Friday, September 07, 2012

My rules for this election season

Republicans had their convention last week, Democrats this week, and we have another 8 weeks of this nonsense.

It's incredibly frustrating to me listening to both sides.  Not because of the issues per se (although I obviously have opinions on those), but from the whole way the political "debate" is performed.

So forthwith, here are my "rules" for the political process.  I'm not so naive as to think any of these will be respected by any politician, but I think if more people followed them then our system as a whole would work better.  Anybody who violates a rule should have to put a sock in it until at least after the election.  And these apply to people of ANY political persuasion.

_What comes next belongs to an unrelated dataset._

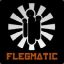 Flegmatic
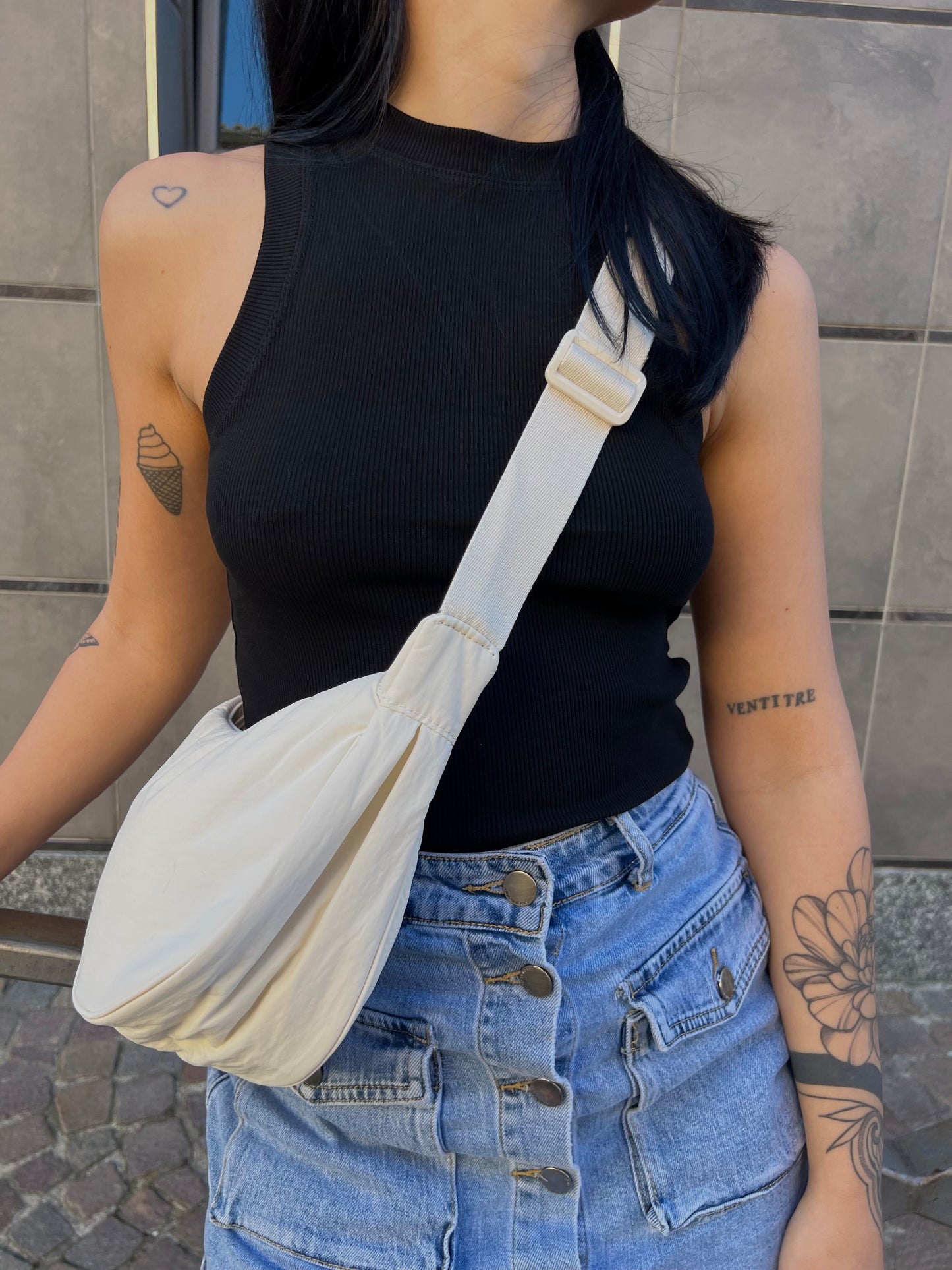 borsa Q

  • Don't define the parties by their crazies and extremists; it's easy to find examples of them in any party, and since they're the noisy ones they get lots of attention.  Watch where the decision makers and consensus of the party are.
  • The other being wrong does not make them bad people, nor does it mean they have ill motives.
  • Political truths that were once valid may no longer be true.
  • Political truths applied in one situation may not apply to another.
  • The other side being wrong doesn't make you right.
  • ALL policies have unintended consequences and tradeoffs.  It is the weight of these - not their existence - that argues against a policy
  • Even if the other side is wrong, their points about the downsides of your position are likely valid
  • 99% of conspiracies aren't.
  • Challenge yourself . If you're liberal, watch Fox news. If conservative, watch MSNBC.  If you respond to an issue and know your position immediately without thinking, stop and think about it.  Could you actually argue the other side's case convincingly in a mock debate?  If not, you probably don't really understand it.
  • If you need to make up, distort, or omit facts, your case is weak. 
  • People can look at the same facts and have different opinions about their implications.  (This is, IMO, the source of most political disputes)
  • Don't forward email or post on Facebook without first checking whether something is true.
  • Be skeptical of any data coming from a partisan source; it is selective at best, untrue or misleading at worst.
  • Keynes was exactly right 100% of the time, except when he wasn't.  Corollary: Hayek was exactly right 100% of the time, except when he wasn't.